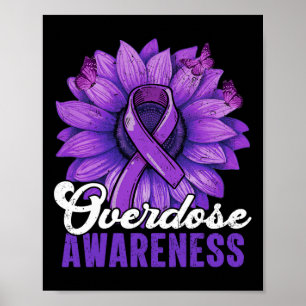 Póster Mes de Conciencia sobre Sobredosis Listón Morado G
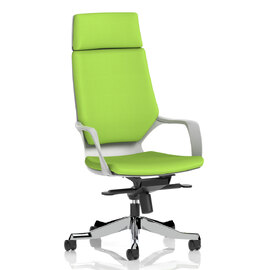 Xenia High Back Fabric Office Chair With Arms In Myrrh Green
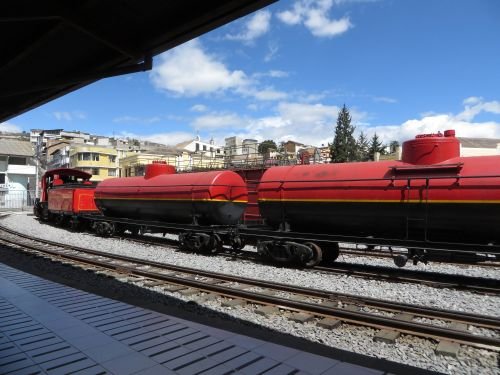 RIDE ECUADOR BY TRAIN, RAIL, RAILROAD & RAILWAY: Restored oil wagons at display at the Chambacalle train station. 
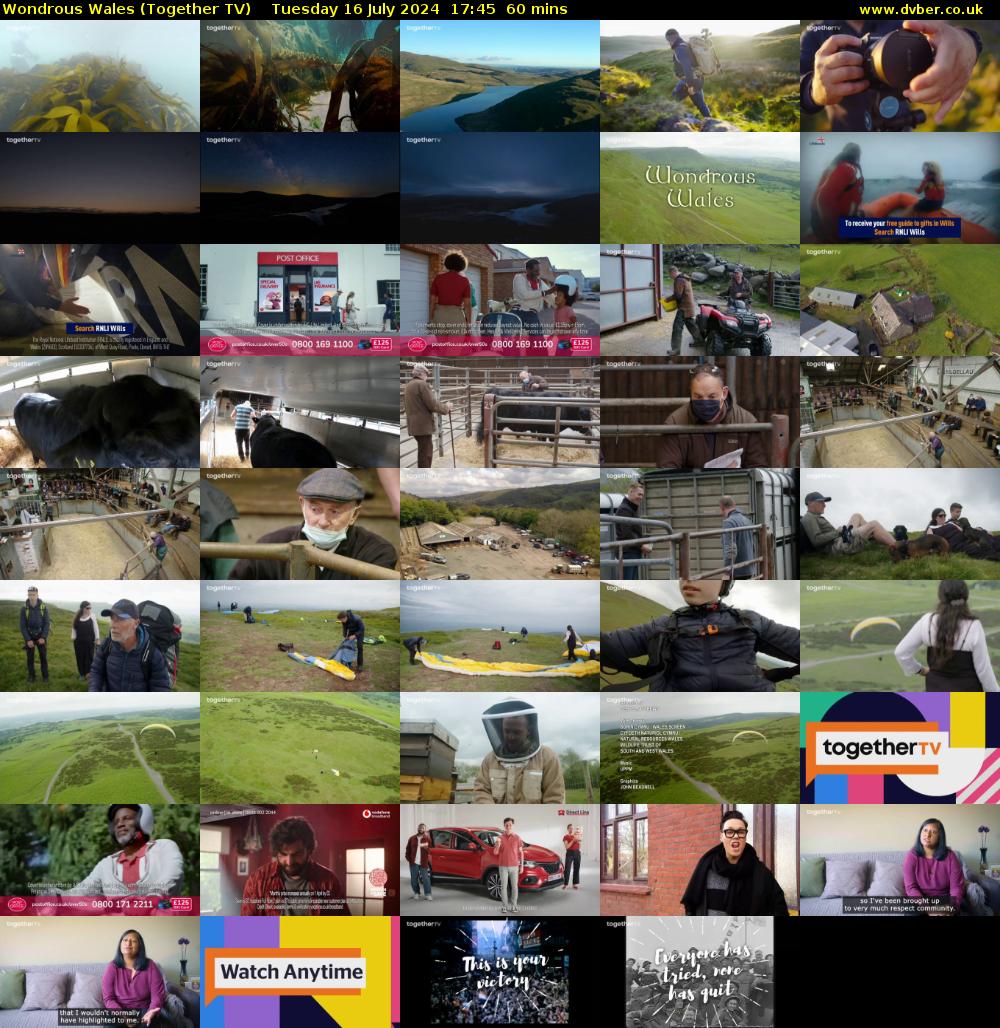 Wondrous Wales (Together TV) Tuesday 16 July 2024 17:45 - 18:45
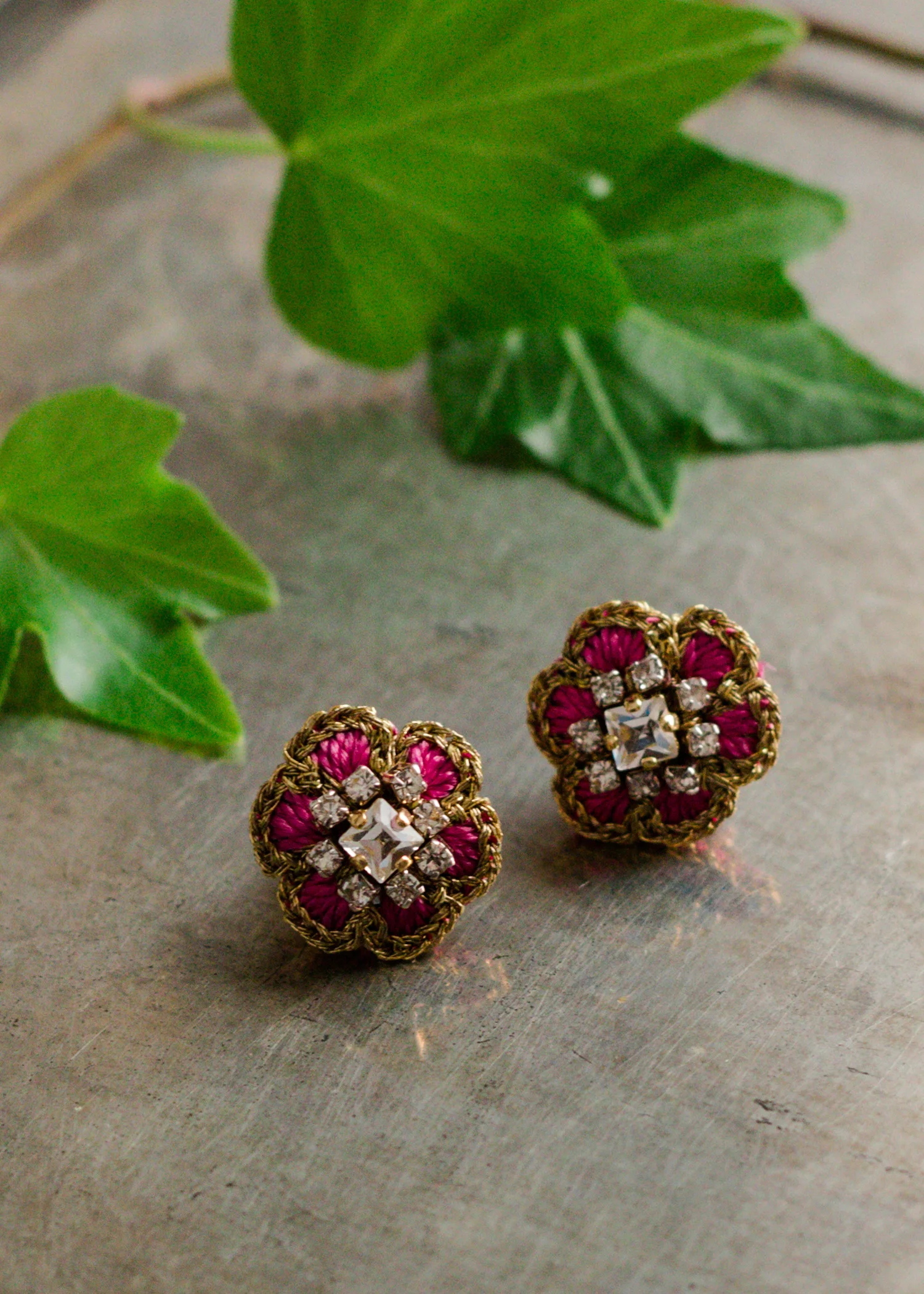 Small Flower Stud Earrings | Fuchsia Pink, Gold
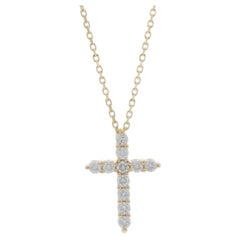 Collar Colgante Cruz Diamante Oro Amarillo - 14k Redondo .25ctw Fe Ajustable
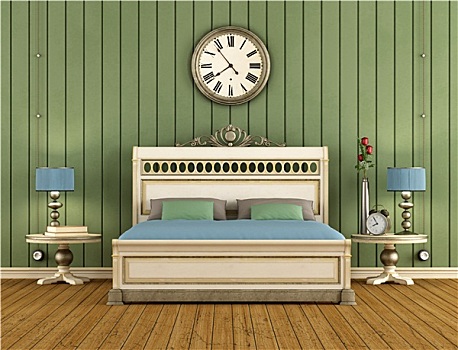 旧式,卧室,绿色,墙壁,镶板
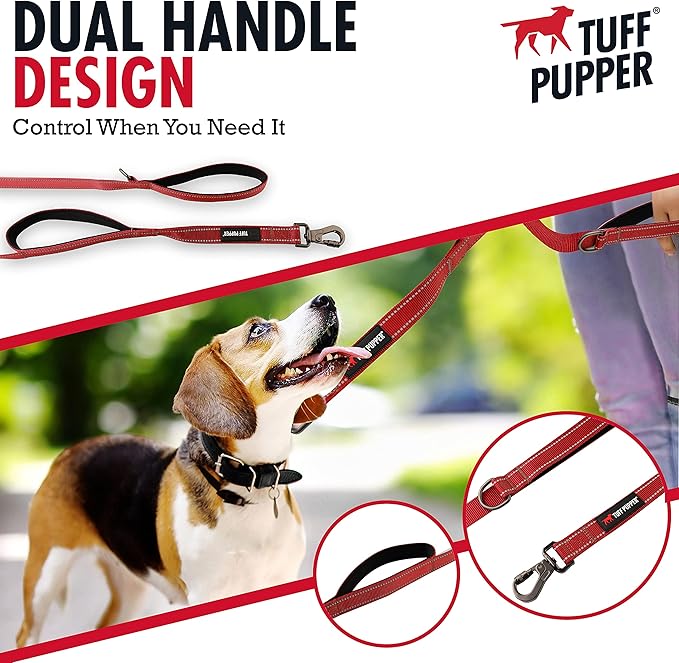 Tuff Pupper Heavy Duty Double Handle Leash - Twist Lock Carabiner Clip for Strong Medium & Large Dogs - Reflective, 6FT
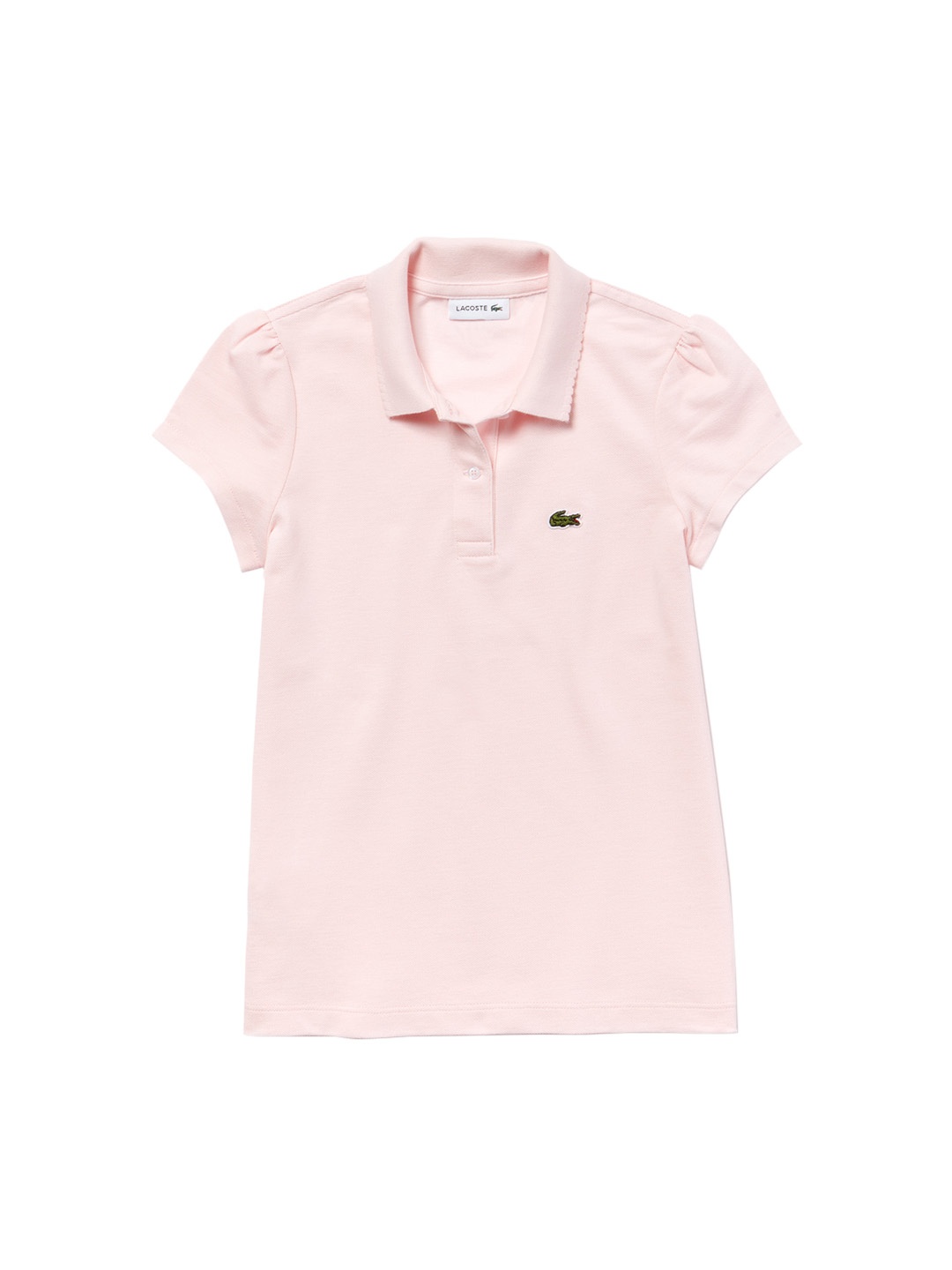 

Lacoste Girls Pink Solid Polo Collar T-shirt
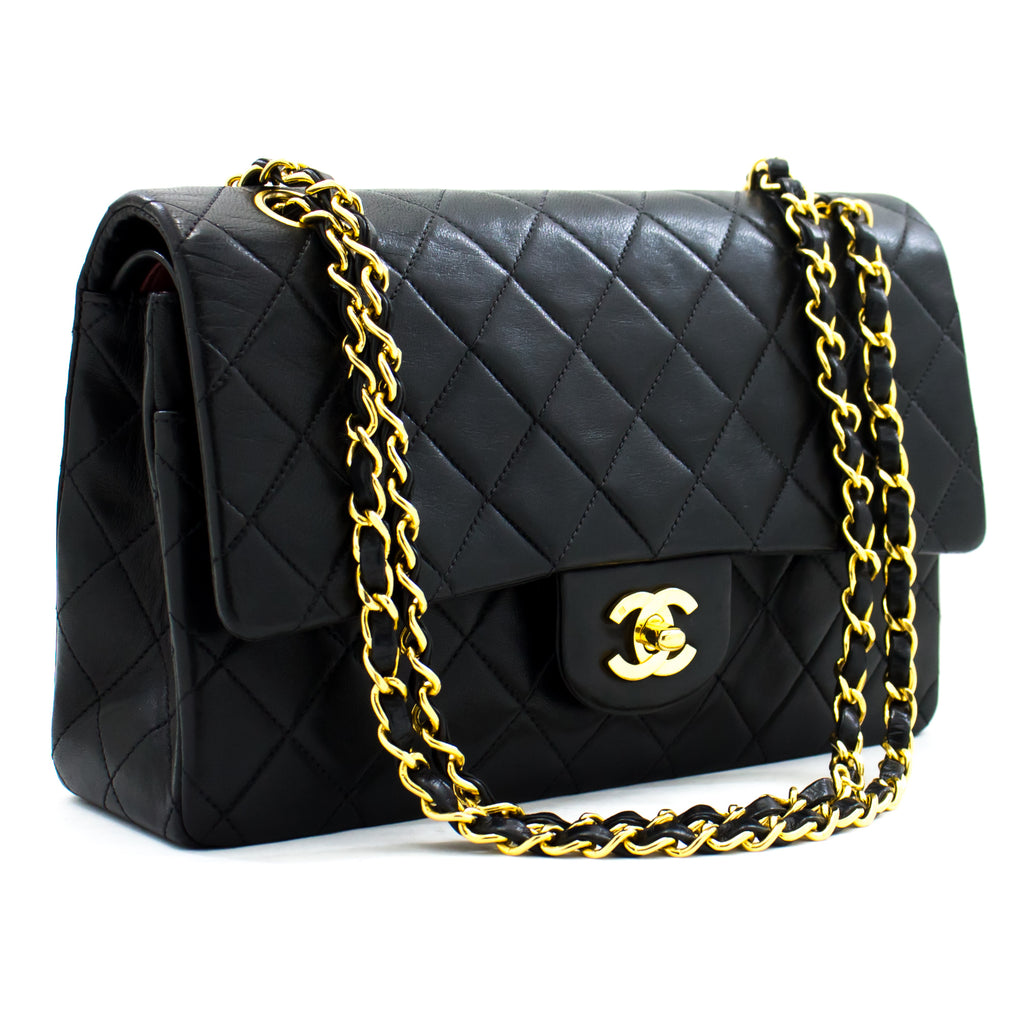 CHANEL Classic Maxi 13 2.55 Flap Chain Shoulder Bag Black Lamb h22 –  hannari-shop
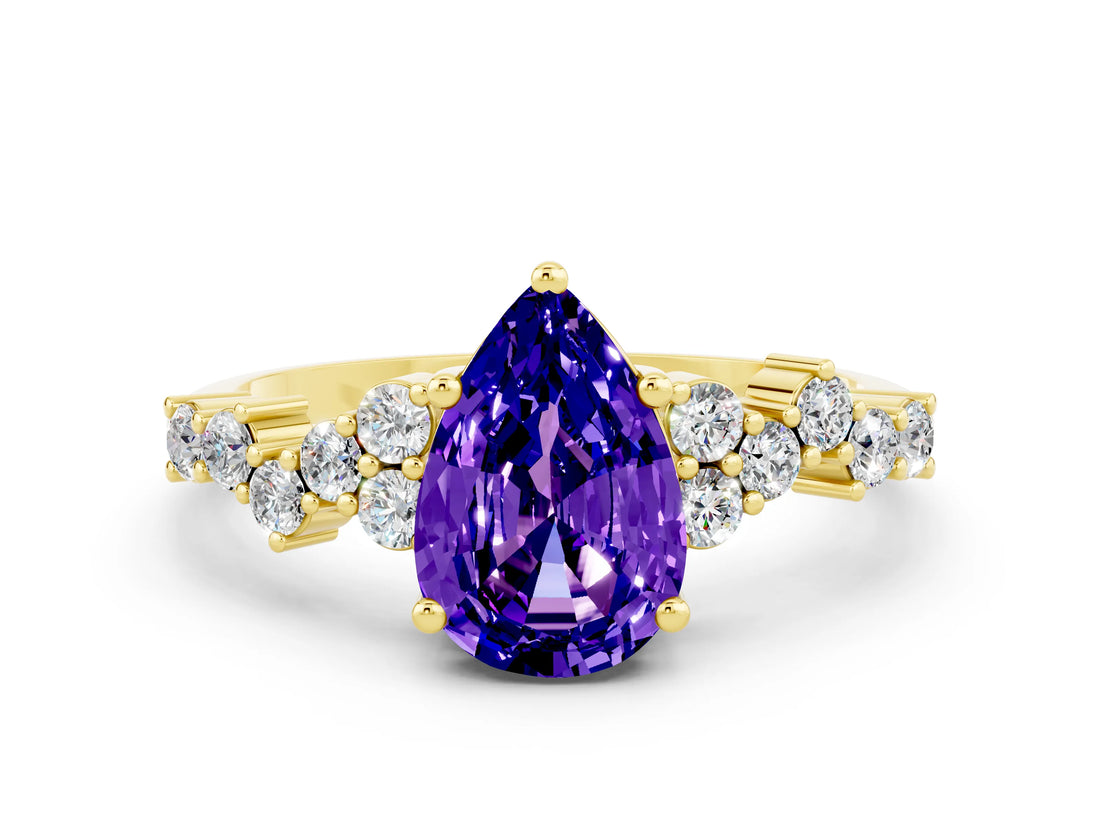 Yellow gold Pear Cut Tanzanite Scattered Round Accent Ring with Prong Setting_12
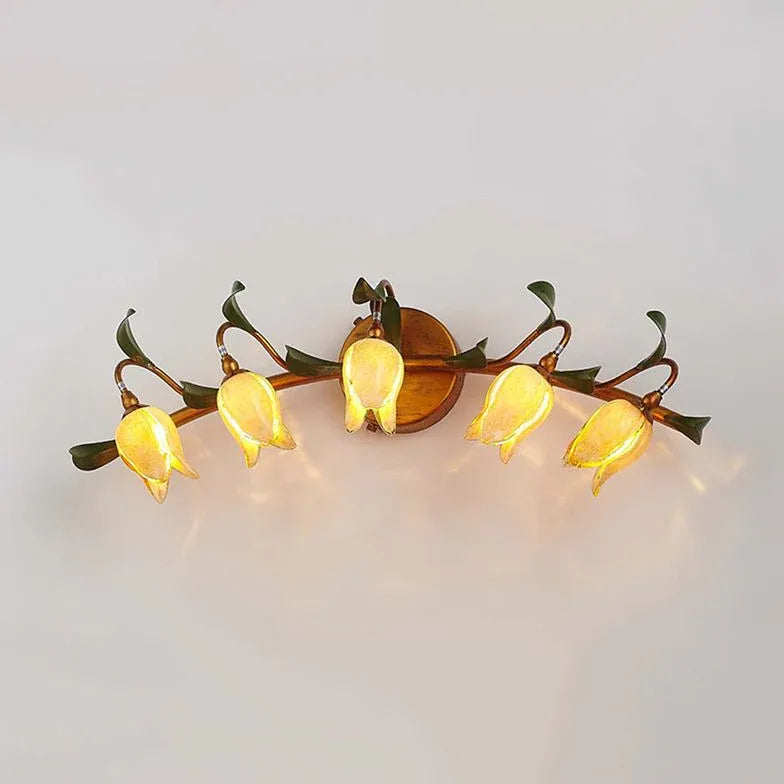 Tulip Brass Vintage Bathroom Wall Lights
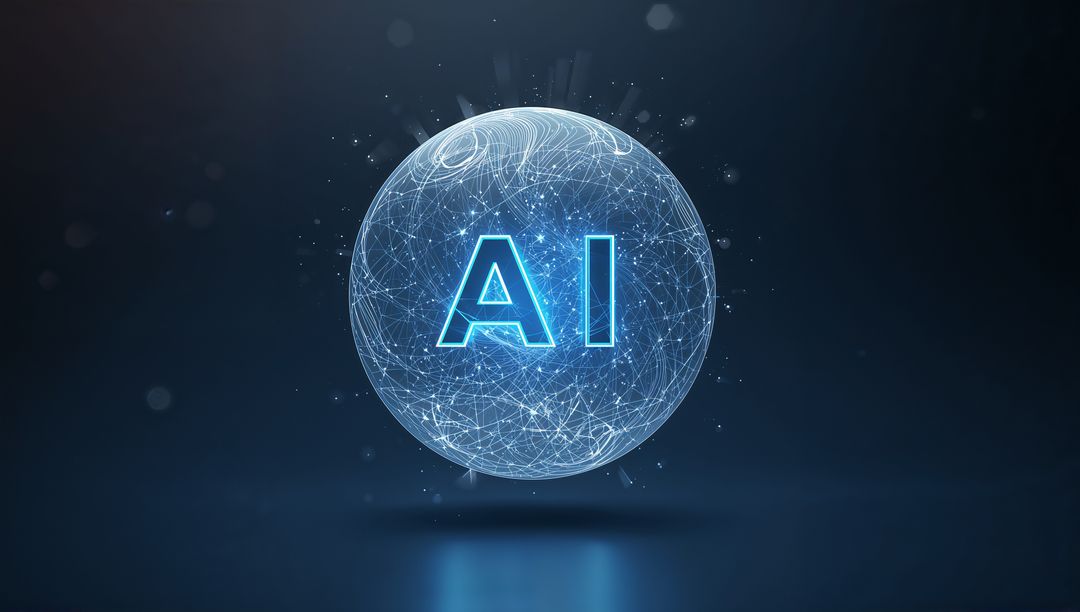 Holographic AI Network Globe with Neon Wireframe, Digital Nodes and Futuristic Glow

### EXERCISE AIM:
Leaving the pictures aside, transcribe exactly the lines from the one containing "Lacoste Girls Pink Solid Polo Collar T-shirt" to the final line of the entries above, both ends included.

### REPLY TO THE EXERCISE:
Lacoste Girls Pink Solid Polo Collar T-shirt
 CHANEL Classic Maxi 13 2.55 Flap Chain Shoulder Bag Black Lamb h22 –  hannari-shop
 Yellow gold Pear Cut Tanzanite Scattered Round Accent Ring with Prong Setting_12
 Tulip Brass Vintage Bathroom Wall Lights
 Holographic AI Network Globe with Neon Wireframe, Digital Nodes and Futuristic Glow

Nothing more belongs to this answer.